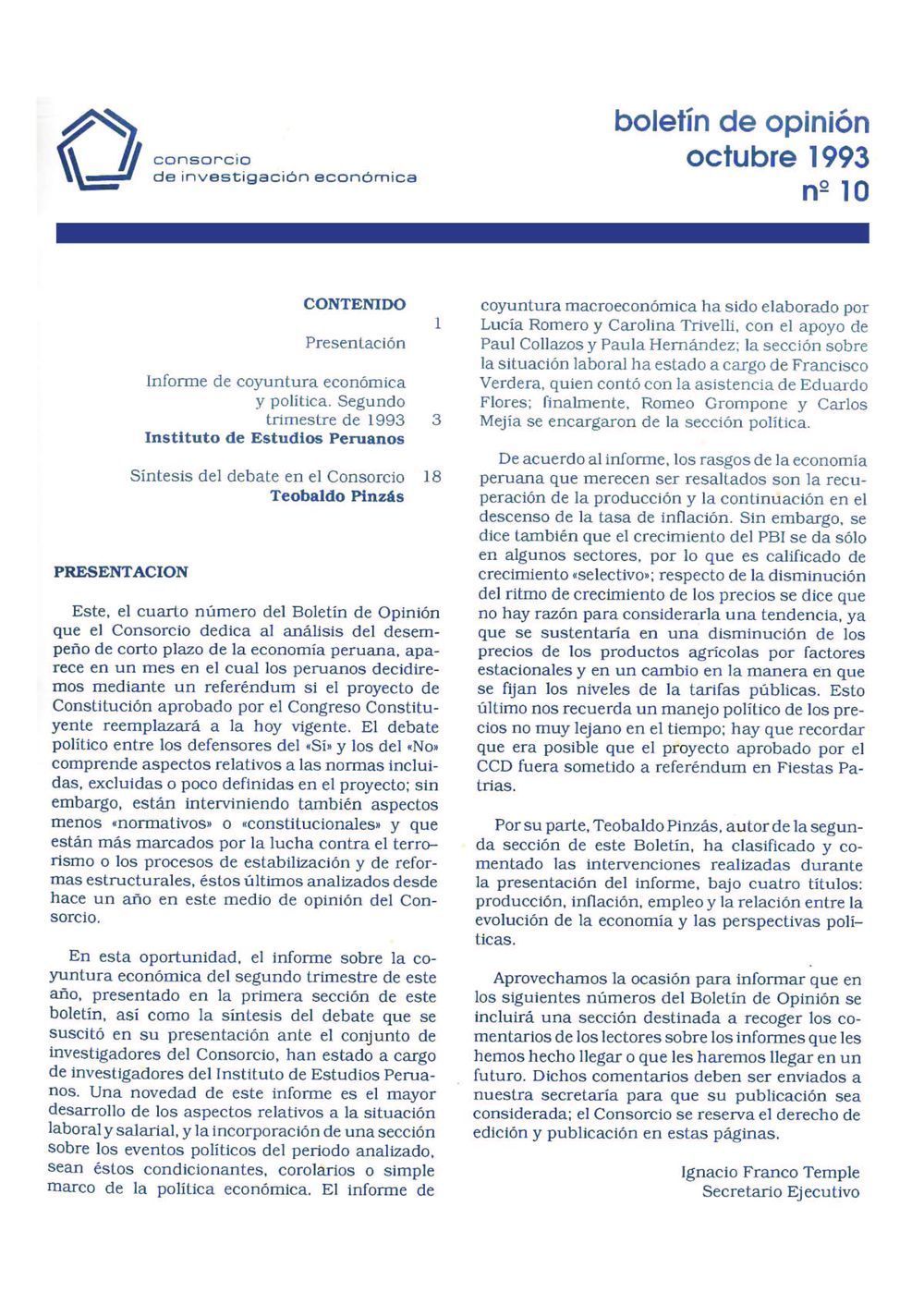 Boletín de opinión: Análisis de la economía peruana, 1993-II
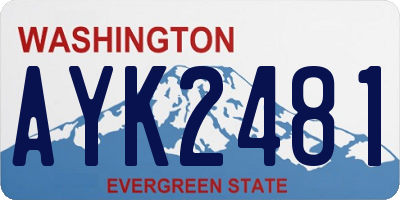 WA license plate AYK2481
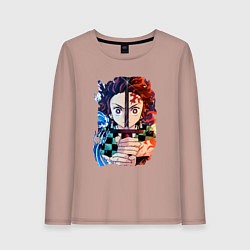 Лонгслив хлопковый женский KIMETSU NO YAIBA, цвет: пыльно-розовый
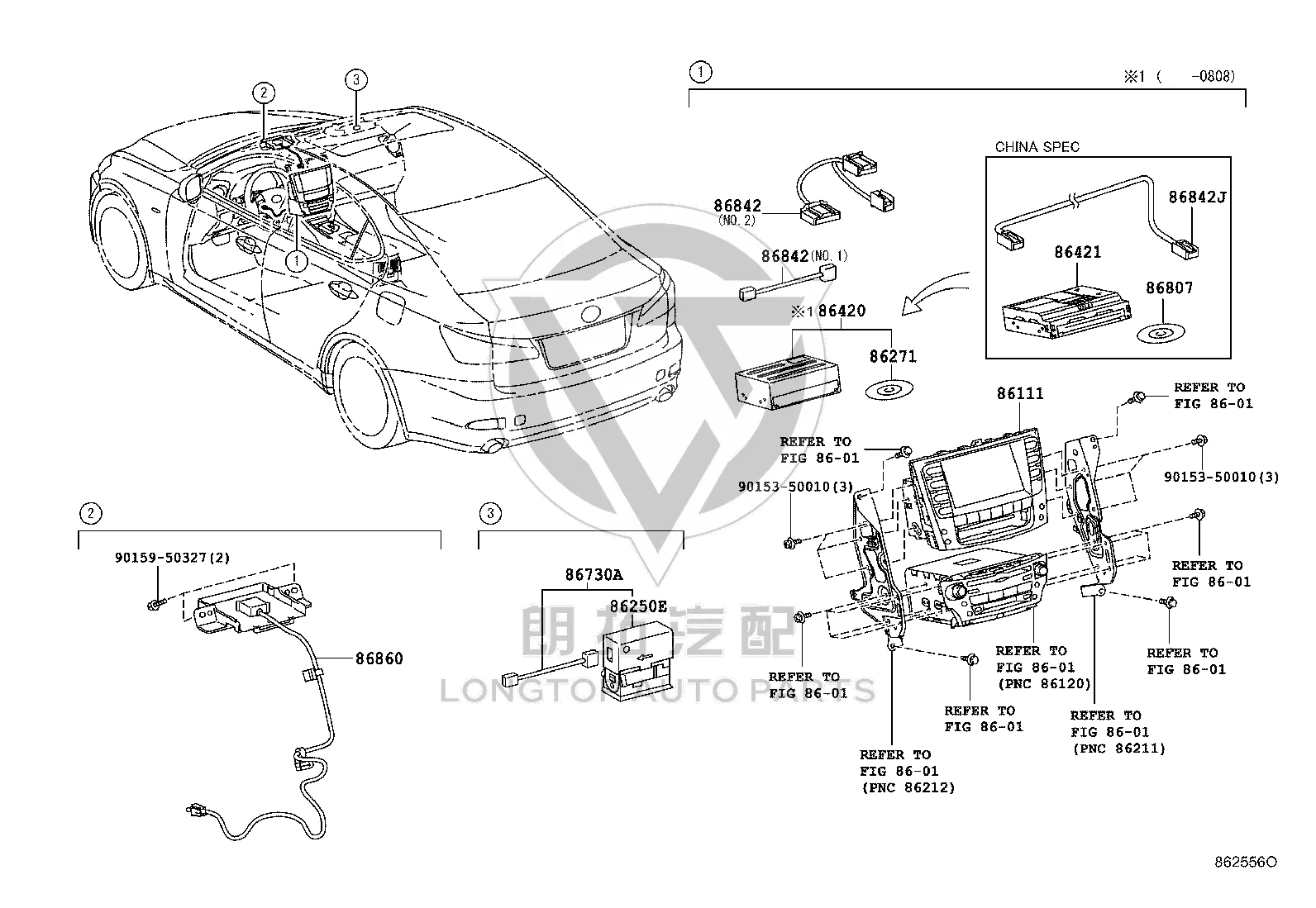 Navigation Wiring Harness 86842-53060 for Lexus IS250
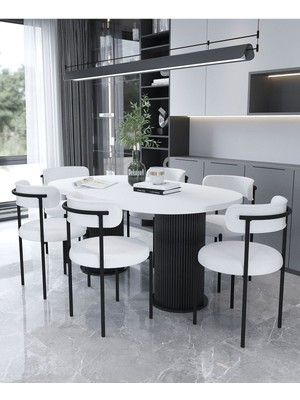 Dekoport Eylül Yemek Masası 6 Sandalye Teddy-Bukle Masa Sandalye Takımı 90-160 cm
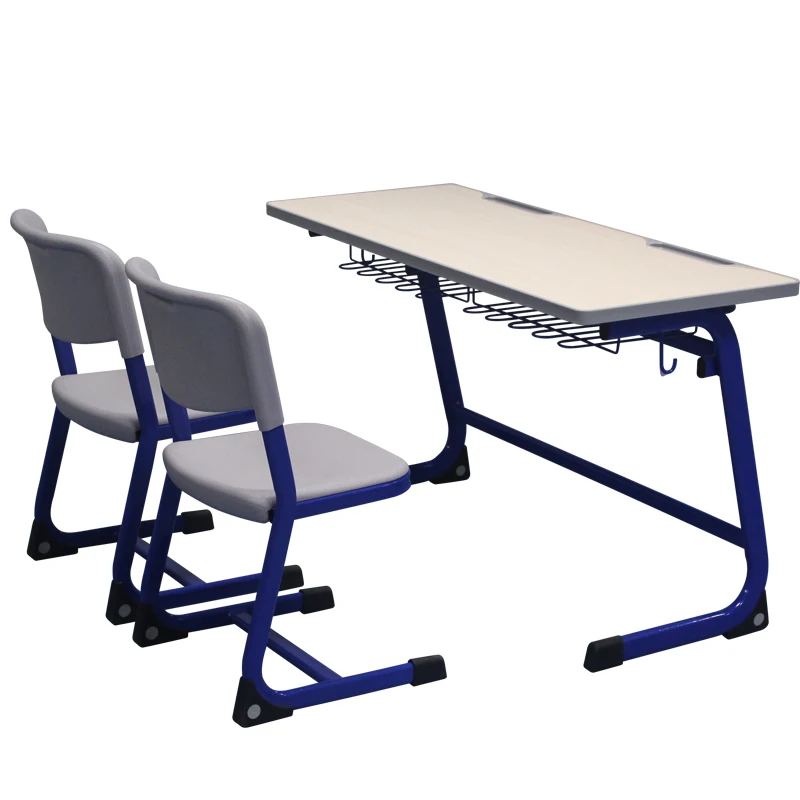Good Quality Two Seater Child Study Table and Chair Set for High School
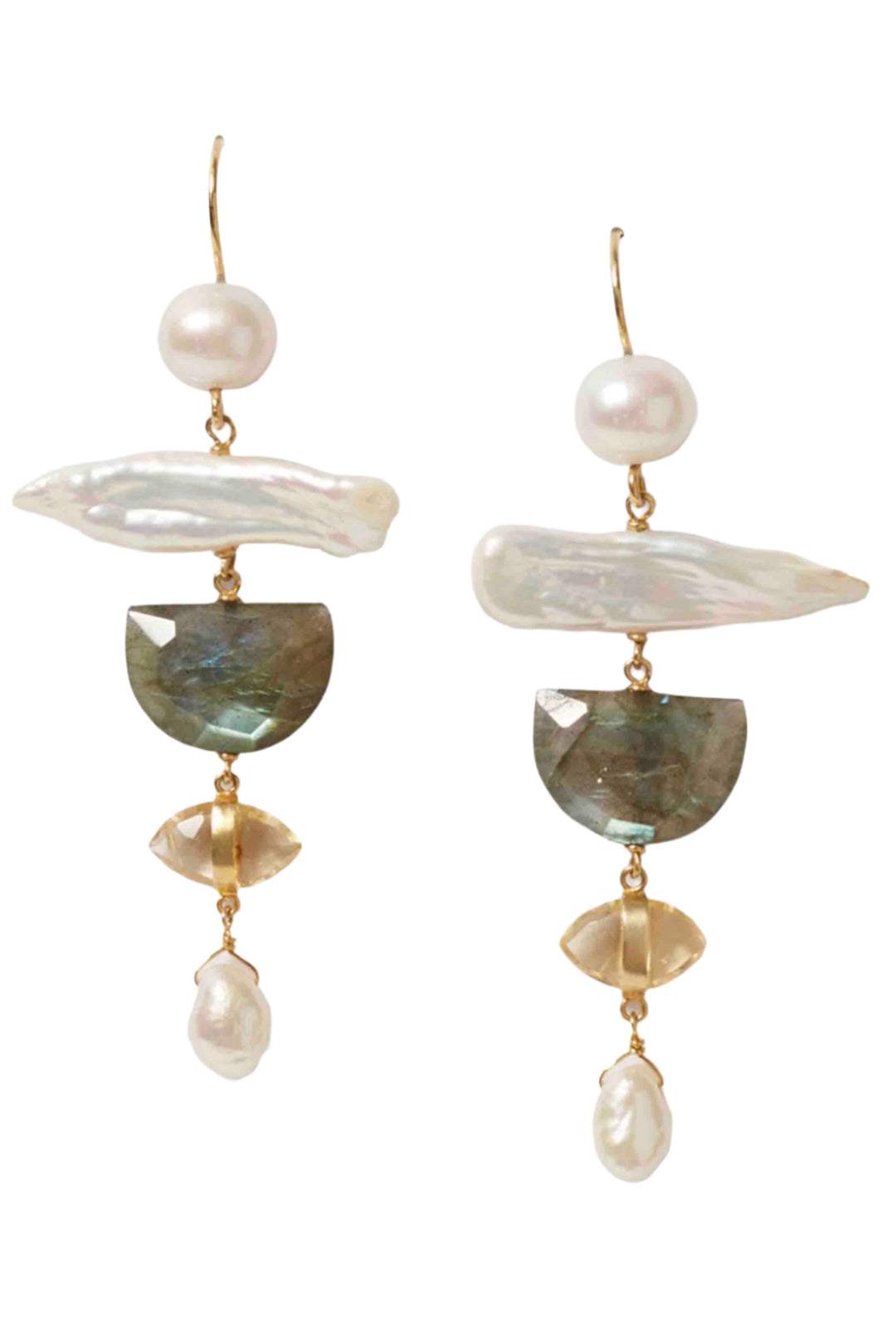 Freshwater Pearl Mix Chandelier Earrings by Chan Luu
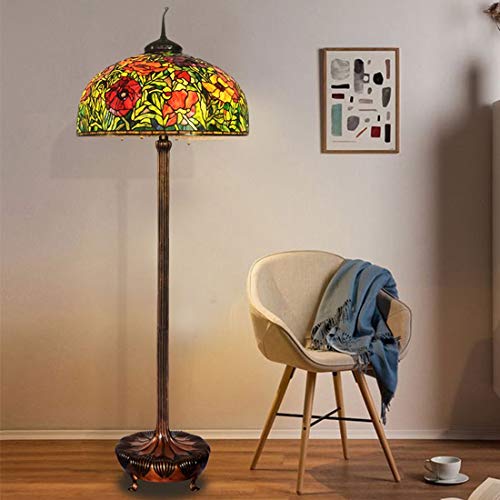 LRJSKWZC Tiffany Style Floor Lamp 26" Retro Creative Color Glass Poppy Pure Copper
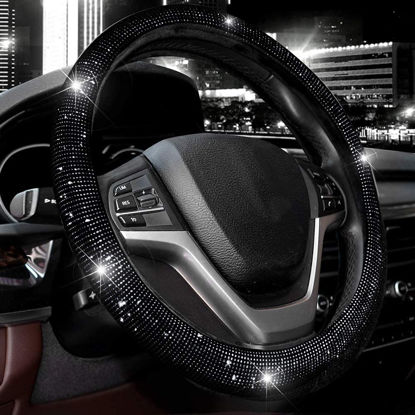 Picture of Valleycomfy Steering Wheel Cover for Women 15 1/2 inches-16 inches Bling Bling Crystal Diamond Sparkling for F150 F250 F350 Ram 4Runner Tacoma Tundra Range Rover (Black with Black Diamond)
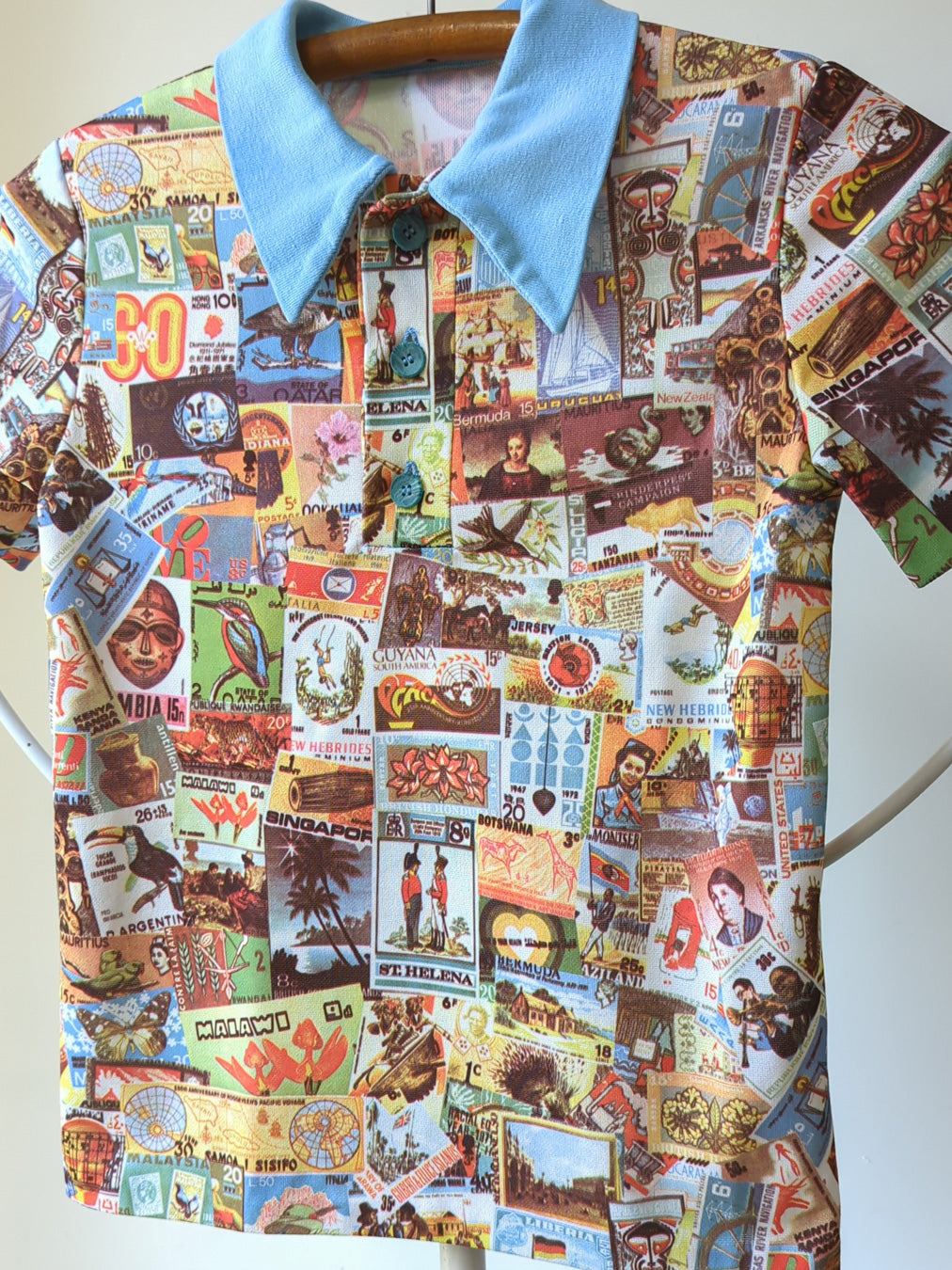 70s Stamp Collage Print Polo Tee / XS-S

## Task
Word for word, write out each line from the one with "Navigation Wiring Harness" through the end of the entries above, and omit any pictures.

## Answer box
 Navigation Wiring Harness 86842-53060 for Lexus IS250
 Dekoport Eylül Yemek Masası 6 Sandalye Teddy-Bukle Masa Sandalye Takımı 90-160 cm
Good Quality Two Seater Child Study Table and Chair Set for High School
 Freshwater Pearl Mix Chandelier Earrings by Chan Luu
 LRJSKWZC Tiffany Style Floor Lamp 26" Retro Creative Color Glass Poppy Pure Copper
 Picture of Valleycomfy Steering Wheel Cover for Women 15 1/2 inches-16 inches Bling Bling Crystal Diamond Sparkling for F150 F250 F350 Ram 4Runner Tacoma Tundra Range Rover (Black with Black Diamond)
 70s Stamp Collage Print Polo Tee / XS-S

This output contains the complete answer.